High-tech projects always start with a multi-tiered plan that must include the Total Cost of Ownership (TCO) of the software and related infrastructure. The problem for many integrators and end-users is that when it comes to multi-vendor hardware and software systems, many hidden costs can be overlooked in the early planning stages.
As a team with extensive experience in implementing facial recognition solutions, we decided to share our own experience and tell you what pitfalls you may encounter when bringing your project to life. We will give you some tips on choosing facial recognition software that will allow you to get maximum results with minimum TCO. 
License Cost is not TCO
Some believe that it is enough to choose the recognition software from the vendor that offers the lowest license ownership price. However, this approach is flawed and can cost many times as much as a solution with a higher license price. Unforeseen costs can start with technical support that is not included in the license price and end up with serious limitations on the system based on such software when trying to change, add or remove something.

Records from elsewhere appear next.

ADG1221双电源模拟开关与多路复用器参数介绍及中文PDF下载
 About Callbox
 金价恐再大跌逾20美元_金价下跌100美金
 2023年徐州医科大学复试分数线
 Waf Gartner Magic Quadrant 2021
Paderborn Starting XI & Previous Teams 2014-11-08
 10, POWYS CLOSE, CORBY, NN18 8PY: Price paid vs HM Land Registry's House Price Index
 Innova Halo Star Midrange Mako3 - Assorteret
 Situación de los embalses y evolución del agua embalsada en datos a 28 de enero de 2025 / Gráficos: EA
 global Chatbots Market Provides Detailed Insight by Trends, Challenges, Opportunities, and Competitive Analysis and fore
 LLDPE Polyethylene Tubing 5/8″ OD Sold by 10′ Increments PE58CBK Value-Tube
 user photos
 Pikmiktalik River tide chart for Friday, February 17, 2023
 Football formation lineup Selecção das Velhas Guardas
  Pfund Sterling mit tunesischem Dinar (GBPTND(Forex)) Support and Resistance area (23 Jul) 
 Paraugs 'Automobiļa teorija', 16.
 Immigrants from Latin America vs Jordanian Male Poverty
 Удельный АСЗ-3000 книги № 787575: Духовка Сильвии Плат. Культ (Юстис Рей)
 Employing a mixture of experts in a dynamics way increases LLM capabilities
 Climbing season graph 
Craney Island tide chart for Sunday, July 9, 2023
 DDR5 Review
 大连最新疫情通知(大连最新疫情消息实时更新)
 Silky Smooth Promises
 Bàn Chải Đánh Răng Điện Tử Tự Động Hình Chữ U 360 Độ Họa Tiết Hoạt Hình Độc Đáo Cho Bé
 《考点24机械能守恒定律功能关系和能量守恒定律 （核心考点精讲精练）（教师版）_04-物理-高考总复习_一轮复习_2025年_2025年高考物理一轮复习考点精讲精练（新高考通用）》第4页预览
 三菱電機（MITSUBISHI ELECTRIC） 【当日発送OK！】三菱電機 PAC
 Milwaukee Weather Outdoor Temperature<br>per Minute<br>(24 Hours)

It is essential to recognize that the success of the project depends on the choice of the solution, and any overlooked detail can lead to failure. Therefore, it is necessary to choose flexible and stable software that is initially designed with the entire set of tasks to be performed and with possible future modifications in mind.
Always Consider Hardware
In addition to the software license, any recognition system involves lots of hardware, which includes cameras, kilometers of cables, switches, servers for video processing and data storage. Often it is the hardware that is the main item for both capital and operating expenses. Thus, in a large project across an extensive territory, the main expense item may be not servers or cameras, but high-quality cable. At the same time, when calculating the cost of the project, you should not discount the importance of software, because the choice of software solution provider directly affects the cost of ensuring the required computing power.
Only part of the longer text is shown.